» Exercise description
Word for word, repeat the lines of the records from the first line up to and including the line that contains "Dia de los muertos", passing over any pictures.

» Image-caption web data
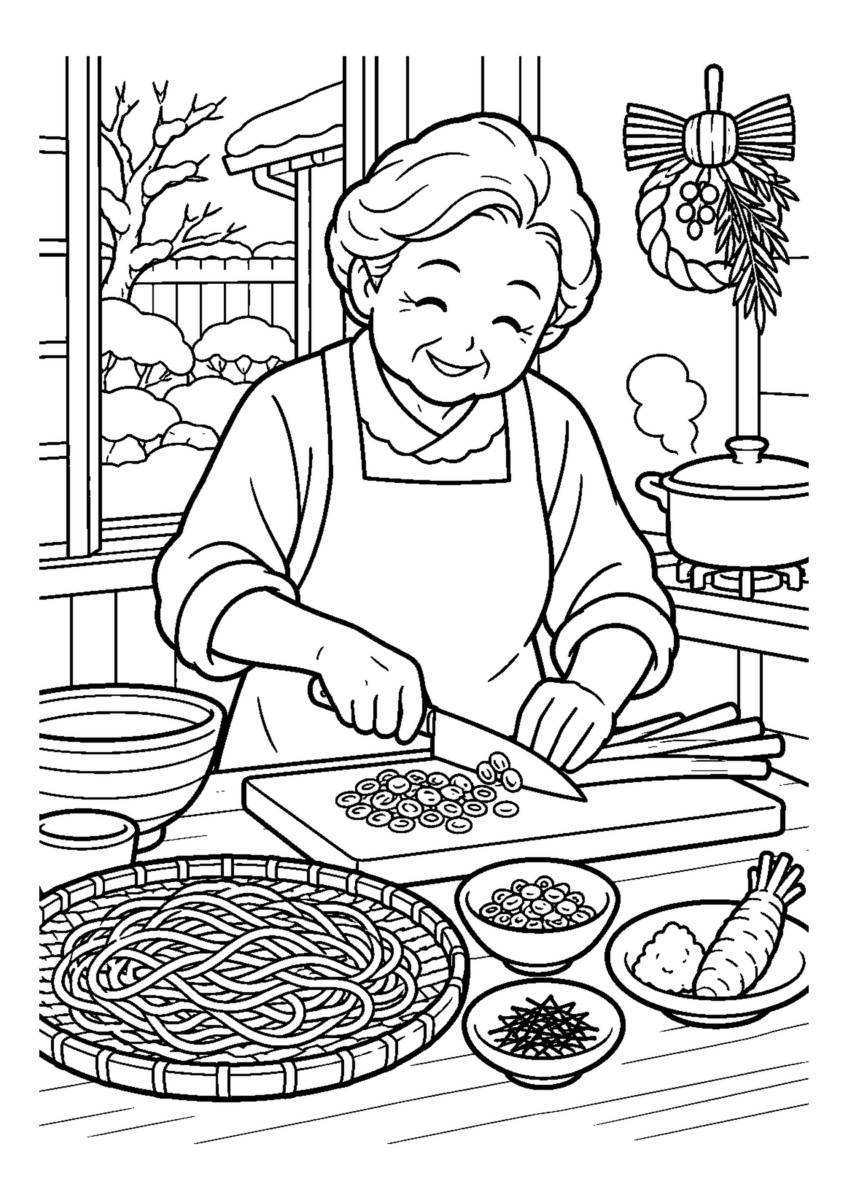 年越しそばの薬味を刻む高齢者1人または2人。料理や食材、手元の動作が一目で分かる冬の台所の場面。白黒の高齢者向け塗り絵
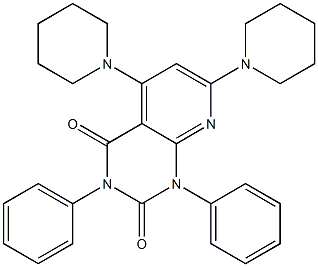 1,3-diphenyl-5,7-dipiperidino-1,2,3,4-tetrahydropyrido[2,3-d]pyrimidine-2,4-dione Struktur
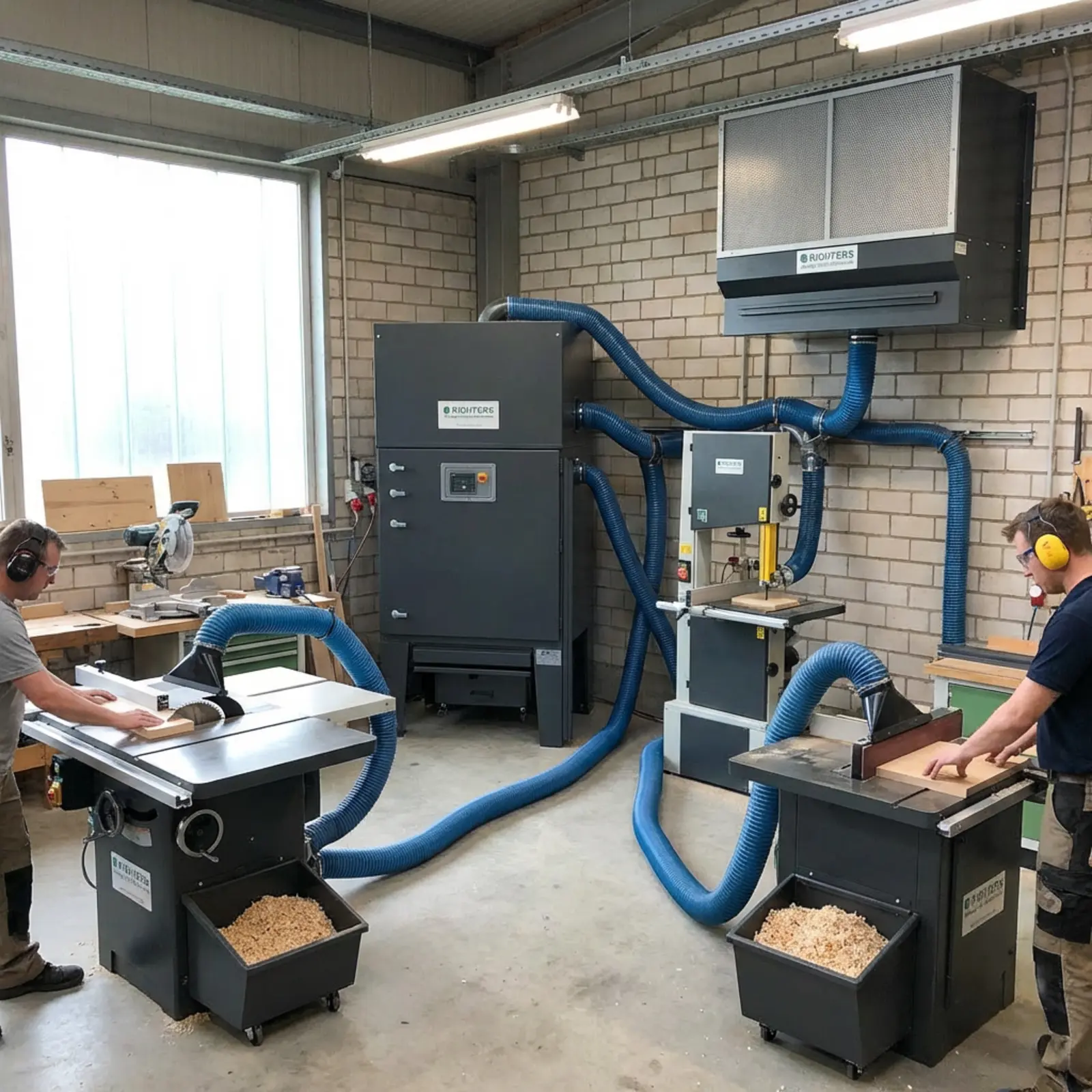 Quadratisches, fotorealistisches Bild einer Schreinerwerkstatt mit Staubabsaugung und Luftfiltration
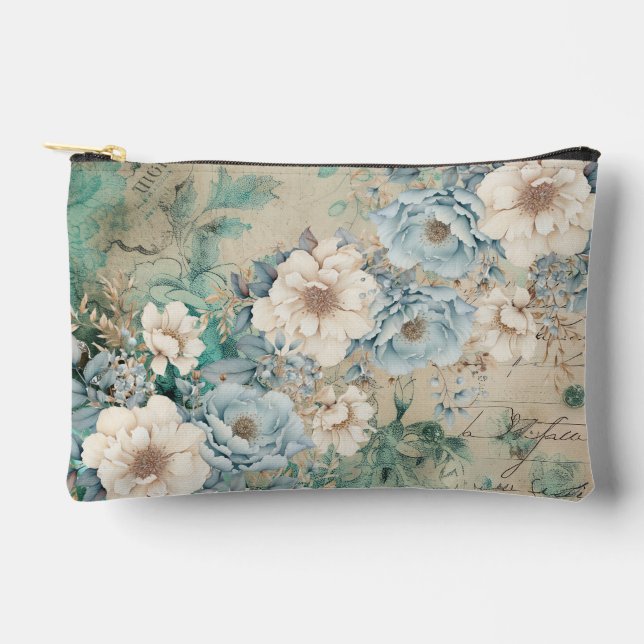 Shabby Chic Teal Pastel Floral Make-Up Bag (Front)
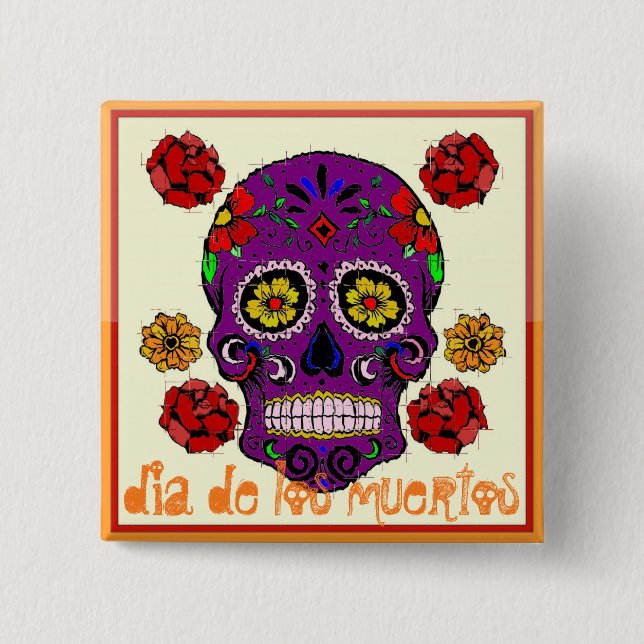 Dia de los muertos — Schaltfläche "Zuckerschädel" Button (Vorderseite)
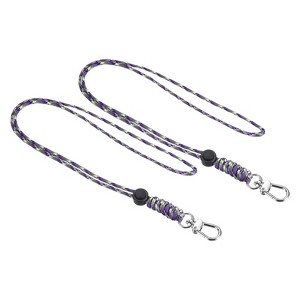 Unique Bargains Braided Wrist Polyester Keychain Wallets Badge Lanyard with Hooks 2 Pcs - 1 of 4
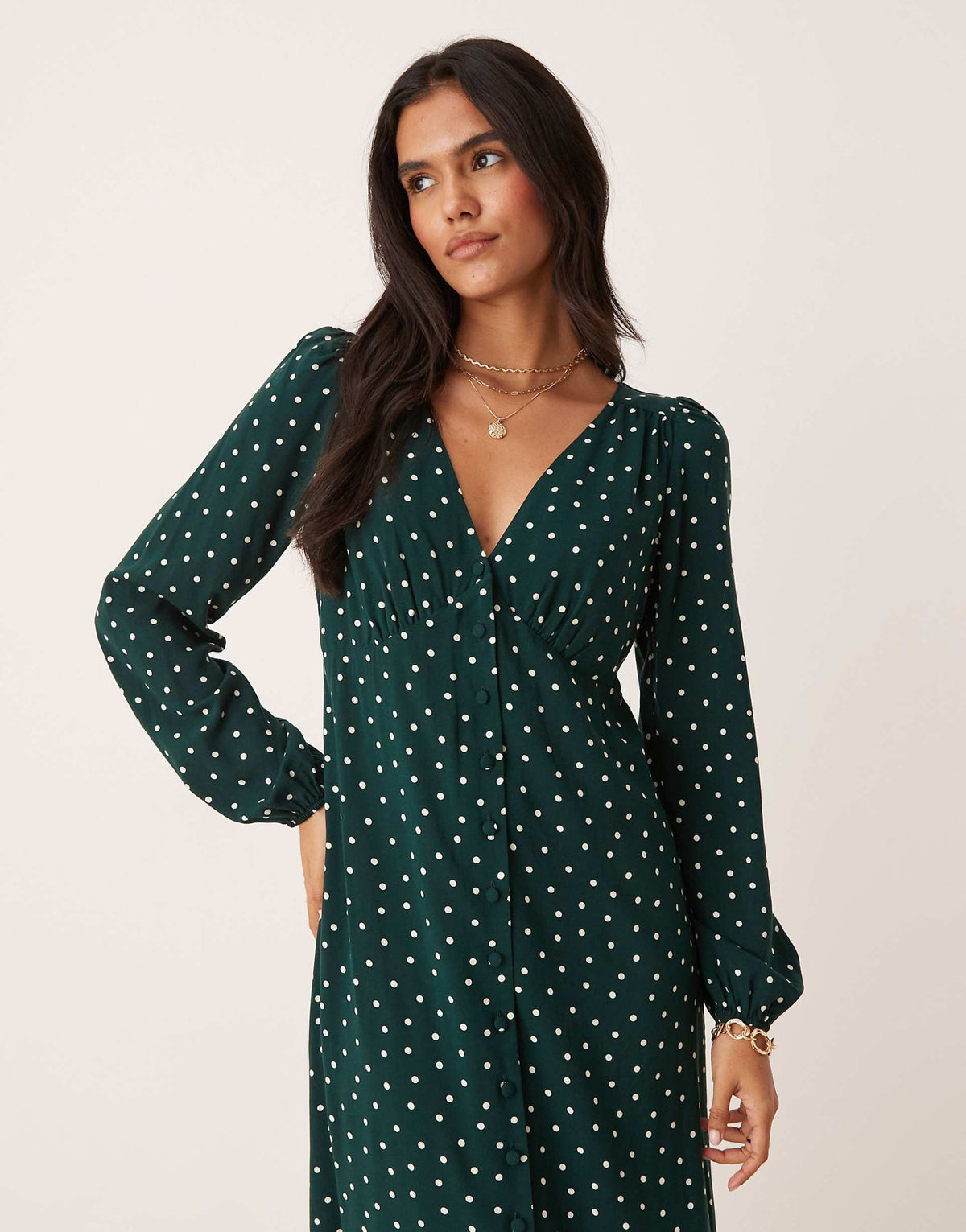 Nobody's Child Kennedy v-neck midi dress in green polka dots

» Solution for this task
 年越しそばの薬味を刻む高齢者1人または2人。料理や食材、手元の動作が一目で分かる冬の台所の場面。白黒の高齢者向け塗り絵
 1,3-diphenyl-5,7-dipiperidino-1,2,3,4-tetrahydropyrido[2,3-d]pyrimidine-2,4-dione Struktur
 Quadratisches, fotorealistisches Bild einer Schreinerwerkstatt mit Staubabsaugung und Luftfiltration
 Shabby Chic Teal Pastel Floral Make-Up Bag (Front)
 Dia de los muertos — Schaltfläche "Zuckerschädel" Button (Vorderseite)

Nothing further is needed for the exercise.